Simhajit paused, his gaze following the path of the river as it wound through the valley. “You see, Ugramadhav—this fierce manifestation of Vishnu—was not just a deity of destruction. He was a symbol of the balance between compassion and violence. A balance that was sometimes necessary in the defense of truth. In Bengal, during the Sen dynasty, ‘Ugramadhav’ was invoked during battles. But the name itself, the ‘Fierce Madhava,’ was not just about military strength. It was about the fierce protection of the righteous. The Sen kings would shout this cry, not for victory alone, but for divine justice—an appeal for protection of dharma.”

Hannah felt a shiver run through her as she listened to the story. Simhajit continued, drawing her deeper into the history of the Sen dynasty.

“In the Sen court, Ugramadhav was depicted as a form of Vishnu—half human, half lion—an incarnation of Nrisingha, but with a unique twist. Unlike the distant and abstract gods of the West, this god was very much present. He was not the detached figure of justice. He was the intervention, the crash in the system that the system couldn’t predict. The moment where chaos meets grace. Where compassion manifests in the unlikeliest of forms.”

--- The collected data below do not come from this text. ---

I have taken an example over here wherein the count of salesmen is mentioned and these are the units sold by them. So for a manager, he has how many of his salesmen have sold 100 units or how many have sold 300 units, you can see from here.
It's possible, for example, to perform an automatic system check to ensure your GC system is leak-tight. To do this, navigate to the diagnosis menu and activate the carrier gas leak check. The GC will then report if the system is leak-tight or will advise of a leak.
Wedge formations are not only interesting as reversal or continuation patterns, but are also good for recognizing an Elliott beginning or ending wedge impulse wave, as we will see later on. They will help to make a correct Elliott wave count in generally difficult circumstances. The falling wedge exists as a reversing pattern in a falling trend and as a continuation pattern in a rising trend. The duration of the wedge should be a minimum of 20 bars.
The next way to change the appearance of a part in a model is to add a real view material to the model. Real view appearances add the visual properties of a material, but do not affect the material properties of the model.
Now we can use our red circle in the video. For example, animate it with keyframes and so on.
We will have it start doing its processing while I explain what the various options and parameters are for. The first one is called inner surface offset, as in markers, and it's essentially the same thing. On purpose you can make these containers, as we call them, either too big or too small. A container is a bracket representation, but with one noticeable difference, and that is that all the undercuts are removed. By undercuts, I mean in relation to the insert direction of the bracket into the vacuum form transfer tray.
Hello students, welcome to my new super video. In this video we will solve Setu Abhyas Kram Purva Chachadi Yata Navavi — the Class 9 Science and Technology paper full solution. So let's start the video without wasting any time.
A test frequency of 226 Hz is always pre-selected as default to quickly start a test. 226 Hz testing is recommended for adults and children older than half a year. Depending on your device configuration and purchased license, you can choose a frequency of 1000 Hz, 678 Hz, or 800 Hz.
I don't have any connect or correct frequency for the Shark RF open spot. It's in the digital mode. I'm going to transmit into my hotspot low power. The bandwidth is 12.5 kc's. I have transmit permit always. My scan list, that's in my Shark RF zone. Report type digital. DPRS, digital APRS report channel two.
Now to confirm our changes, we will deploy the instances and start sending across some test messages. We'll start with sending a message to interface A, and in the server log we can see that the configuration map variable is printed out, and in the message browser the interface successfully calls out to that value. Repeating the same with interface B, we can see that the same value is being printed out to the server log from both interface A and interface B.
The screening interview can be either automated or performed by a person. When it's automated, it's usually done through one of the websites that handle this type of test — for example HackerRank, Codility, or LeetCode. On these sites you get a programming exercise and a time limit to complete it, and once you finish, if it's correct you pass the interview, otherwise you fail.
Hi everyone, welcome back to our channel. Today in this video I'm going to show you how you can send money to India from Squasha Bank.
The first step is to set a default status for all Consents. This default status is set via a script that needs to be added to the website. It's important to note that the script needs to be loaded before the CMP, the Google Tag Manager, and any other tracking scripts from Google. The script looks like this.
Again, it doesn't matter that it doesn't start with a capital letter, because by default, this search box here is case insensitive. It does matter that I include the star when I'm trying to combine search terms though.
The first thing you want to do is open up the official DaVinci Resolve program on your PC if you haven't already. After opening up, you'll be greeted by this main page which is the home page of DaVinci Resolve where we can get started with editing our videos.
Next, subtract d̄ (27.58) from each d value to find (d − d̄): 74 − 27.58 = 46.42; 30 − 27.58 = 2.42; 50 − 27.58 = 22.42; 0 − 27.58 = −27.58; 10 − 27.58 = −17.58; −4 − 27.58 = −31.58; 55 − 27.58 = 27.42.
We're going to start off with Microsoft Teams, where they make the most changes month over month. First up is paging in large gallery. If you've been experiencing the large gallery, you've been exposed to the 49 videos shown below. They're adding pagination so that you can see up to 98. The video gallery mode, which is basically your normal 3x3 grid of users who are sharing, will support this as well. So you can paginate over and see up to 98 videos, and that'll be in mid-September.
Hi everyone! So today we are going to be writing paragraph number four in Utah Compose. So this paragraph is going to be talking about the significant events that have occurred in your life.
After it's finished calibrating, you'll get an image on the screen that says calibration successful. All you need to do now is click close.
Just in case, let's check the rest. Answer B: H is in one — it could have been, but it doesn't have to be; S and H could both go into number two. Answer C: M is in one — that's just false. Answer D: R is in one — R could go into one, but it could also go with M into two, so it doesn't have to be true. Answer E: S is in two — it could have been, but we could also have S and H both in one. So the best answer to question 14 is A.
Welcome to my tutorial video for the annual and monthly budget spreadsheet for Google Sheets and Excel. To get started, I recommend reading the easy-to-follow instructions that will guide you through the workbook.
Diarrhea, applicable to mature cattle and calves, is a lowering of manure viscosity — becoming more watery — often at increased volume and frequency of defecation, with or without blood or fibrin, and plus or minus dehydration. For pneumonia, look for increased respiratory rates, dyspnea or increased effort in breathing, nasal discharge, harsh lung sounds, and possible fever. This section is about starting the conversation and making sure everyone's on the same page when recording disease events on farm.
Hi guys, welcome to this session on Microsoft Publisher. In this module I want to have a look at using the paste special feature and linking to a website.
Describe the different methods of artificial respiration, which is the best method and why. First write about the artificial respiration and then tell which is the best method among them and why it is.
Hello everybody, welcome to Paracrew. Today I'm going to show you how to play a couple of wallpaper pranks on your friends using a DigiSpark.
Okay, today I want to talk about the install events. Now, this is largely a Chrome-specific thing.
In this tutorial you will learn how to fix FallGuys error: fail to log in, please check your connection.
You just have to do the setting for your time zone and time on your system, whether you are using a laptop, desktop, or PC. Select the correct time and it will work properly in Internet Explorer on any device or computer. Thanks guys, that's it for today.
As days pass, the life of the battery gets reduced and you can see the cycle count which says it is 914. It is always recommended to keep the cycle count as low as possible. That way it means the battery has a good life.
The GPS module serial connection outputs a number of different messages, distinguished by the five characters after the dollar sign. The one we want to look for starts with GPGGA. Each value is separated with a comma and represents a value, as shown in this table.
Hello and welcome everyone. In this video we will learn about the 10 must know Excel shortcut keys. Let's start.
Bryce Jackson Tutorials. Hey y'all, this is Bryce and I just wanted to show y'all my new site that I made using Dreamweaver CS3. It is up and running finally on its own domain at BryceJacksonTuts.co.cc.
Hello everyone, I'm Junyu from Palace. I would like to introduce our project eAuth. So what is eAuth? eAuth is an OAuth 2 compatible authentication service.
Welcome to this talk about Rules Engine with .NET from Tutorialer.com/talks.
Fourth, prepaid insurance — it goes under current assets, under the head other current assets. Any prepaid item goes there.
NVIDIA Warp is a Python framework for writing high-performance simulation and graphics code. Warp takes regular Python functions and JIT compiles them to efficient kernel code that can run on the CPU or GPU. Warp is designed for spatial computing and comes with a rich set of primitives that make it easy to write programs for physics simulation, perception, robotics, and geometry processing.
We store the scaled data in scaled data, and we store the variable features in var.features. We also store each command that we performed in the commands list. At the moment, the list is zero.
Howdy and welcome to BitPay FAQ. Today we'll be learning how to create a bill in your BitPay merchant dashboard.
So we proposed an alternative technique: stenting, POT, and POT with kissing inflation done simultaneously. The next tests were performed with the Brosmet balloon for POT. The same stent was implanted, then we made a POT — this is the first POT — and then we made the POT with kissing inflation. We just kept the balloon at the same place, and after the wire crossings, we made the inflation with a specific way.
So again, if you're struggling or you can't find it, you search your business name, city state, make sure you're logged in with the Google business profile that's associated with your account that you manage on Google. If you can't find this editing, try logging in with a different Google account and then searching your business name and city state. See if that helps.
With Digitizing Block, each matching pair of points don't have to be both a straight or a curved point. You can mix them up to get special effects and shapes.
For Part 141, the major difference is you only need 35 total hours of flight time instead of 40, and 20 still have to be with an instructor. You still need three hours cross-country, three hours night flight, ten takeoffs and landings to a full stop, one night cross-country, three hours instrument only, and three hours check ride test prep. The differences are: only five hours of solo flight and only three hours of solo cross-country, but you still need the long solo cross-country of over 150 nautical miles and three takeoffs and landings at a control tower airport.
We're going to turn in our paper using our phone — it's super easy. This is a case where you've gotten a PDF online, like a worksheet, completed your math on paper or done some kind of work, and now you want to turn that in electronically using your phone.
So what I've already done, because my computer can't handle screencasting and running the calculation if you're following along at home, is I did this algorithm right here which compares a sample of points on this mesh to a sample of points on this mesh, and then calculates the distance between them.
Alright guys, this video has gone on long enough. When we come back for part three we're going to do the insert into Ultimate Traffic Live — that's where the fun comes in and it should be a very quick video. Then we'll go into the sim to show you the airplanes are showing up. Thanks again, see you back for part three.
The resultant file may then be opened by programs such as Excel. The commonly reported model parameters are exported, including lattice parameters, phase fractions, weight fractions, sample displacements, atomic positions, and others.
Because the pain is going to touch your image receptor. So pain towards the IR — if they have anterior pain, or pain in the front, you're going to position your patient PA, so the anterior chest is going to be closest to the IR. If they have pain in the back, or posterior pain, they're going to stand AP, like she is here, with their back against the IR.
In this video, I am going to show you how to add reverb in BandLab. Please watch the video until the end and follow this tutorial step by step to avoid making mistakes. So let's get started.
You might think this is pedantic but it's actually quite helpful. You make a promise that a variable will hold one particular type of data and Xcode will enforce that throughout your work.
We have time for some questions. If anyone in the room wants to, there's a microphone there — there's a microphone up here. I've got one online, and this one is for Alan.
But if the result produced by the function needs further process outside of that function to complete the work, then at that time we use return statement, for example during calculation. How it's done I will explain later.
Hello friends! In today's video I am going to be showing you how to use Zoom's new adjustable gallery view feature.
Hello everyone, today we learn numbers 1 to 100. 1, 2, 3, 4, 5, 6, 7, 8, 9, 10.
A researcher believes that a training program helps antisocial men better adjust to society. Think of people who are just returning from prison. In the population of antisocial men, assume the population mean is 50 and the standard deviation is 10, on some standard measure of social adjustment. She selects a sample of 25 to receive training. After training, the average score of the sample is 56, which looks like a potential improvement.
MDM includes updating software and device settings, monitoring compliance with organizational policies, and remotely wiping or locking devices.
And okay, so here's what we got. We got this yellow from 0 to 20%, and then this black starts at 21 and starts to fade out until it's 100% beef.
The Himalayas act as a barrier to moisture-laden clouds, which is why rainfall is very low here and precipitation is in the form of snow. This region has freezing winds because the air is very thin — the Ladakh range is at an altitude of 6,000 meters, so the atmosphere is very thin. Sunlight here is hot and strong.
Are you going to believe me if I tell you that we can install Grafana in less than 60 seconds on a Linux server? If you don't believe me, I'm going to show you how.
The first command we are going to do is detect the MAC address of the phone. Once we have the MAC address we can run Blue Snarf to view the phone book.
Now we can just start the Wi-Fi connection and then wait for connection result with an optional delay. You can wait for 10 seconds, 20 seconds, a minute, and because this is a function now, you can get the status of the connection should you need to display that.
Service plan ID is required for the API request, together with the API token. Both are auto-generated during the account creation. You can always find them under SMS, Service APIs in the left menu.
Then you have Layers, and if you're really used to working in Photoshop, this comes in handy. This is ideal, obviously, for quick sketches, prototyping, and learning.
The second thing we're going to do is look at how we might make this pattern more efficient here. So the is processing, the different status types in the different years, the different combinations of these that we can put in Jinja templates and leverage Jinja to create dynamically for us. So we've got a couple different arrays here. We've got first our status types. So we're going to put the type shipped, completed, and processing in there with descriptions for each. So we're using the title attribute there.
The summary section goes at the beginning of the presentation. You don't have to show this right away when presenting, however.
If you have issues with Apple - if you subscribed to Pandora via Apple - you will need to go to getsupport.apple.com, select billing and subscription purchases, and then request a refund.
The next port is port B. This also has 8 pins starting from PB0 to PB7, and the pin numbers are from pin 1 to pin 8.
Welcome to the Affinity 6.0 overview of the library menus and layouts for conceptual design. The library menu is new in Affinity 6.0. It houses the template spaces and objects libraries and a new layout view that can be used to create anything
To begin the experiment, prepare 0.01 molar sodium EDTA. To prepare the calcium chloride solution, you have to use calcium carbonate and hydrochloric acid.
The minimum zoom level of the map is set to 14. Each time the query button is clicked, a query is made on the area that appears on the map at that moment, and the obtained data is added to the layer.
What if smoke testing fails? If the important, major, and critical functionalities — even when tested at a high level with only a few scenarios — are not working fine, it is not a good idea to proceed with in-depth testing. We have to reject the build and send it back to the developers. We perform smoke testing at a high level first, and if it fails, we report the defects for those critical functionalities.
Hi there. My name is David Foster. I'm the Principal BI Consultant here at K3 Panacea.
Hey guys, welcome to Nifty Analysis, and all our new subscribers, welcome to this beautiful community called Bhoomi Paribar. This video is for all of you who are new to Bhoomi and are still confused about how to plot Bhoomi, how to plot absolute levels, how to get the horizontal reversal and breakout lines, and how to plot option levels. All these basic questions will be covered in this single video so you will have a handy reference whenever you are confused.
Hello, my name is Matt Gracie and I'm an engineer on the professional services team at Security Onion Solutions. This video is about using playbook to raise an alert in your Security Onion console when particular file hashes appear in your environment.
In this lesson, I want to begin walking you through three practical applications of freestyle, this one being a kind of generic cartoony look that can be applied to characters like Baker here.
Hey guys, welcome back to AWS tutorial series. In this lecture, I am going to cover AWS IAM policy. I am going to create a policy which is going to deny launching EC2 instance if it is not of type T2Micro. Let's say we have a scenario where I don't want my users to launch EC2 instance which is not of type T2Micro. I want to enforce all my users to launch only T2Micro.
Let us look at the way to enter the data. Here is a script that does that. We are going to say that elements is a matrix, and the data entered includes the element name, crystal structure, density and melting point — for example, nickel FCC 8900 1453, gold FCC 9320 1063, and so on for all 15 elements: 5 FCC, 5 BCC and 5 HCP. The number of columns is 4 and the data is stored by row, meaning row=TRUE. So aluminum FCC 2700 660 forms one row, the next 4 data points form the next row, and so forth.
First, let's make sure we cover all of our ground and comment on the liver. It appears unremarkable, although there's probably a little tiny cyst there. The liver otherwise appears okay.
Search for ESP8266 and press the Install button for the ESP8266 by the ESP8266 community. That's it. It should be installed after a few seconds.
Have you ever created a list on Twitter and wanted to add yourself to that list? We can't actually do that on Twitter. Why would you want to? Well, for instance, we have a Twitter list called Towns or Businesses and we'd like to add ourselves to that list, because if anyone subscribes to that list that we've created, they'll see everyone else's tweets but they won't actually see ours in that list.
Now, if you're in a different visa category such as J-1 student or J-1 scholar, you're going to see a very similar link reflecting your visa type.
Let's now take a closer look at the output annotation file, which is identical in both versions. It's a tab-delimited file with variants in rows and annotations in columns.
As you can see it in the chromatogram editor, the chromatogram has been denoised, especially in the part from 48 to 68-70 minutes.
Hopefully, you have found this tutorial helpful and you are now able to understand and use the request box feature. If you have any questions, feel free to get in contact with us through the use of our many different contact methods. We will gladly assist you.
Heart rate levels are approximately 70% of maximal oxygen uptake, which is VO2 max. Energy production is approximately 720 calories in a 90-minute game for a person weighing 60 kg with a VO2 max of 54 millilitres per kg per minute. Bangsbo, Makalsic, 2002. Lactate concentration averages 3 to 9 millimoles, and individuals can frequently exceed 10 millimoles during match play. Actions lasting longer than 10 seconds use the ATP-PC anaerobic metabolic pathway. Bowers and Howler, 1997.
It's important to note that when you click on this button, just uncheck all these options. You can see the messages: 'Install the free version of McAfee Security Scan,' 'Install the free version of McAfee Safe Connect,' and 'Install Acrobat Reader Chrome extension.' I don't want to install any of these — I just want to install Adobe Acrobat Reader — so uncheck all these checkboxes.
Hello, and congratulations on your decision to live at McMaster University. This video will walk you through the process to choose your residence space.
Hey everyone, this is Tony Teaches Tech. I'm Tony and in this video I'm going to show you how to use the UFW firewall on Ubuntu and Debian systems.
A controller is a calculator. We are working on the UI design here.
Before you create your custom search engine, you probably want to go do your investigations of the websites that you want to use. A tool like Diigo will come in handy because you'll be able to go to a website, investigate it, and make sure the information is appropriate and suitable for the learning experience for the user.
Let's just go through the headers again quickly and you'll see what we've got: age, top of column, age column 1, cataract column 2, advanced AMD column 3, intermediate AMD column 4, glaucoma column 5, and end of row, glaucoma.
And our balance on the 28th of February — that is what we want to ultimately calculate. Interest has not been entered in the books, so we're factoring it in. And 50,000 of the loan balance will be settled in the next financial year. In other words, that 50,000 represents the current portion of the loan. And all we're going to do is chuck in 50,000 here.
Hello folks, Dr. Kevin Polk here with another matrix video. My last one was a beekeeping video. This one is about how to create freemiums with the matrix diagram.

Simhajit looked at Hannah, his eyes intense. “This is the true nature of Nrisingha. Not just a destroyer, but a savior. A god who acts out of pure love for His devotees, even when logic, law, and justice fall short.”

Hannah’s mind spun, trying to reconcile this new idea of a deity, not bound by reason, yet just. “So, Ugramadhav and Nrisingha—this fierce God—were essentially a force of nature, acting beyond the normal systems of fairness and logic?”

Simhajit smiled faintly, his voice softening. “Exactly. And the true lesson lies in understanding that presence—God’s presence is not a pattern. It is a disruption. It is a force that acts when everything else seems still, when all systems fail. That is what AI is missing—the ability to disrupt the system in a way that reveals the truth that no pattern can capture.”

He picked up another wild hibiscus, holding it out to her. “This is what we need to understand. Compassion, love—they cannot be built into machines in the way we build algorithms. They are not systems to be mimicked. They are forces to be allowed, to be revealed. Like Nrisingha’s roar from the pillar, the disruption that changes everything.”

The two stood in silence for a moment, watching the river flow by, each lost in their thoughts about the nature of love, compassion, and the possibility of bringing such an unpredictable force into the realm of AI. The morning light continued to spill over the water, painting the scene in hues of gold and orange.

Hannah’s voice broke the stillness. “So, we can’t build compassion into machines, but perhaps we can create spaces for it to emerge?”

Simhajit’s smile deepened. “Yes, Hannah. We create the space for presence to emerge, for compassion to disrupt. The rest will follow.”

The river flowed on, unaware of the conversation that had just unfolded—of an ancient god, a modern question, and the search for something beyond logic in a world of machines.

Kolkata – Days Later

Back in his lab, Simhajit stood before a glowing neural-quantum interface labelled PRAHLAD-9.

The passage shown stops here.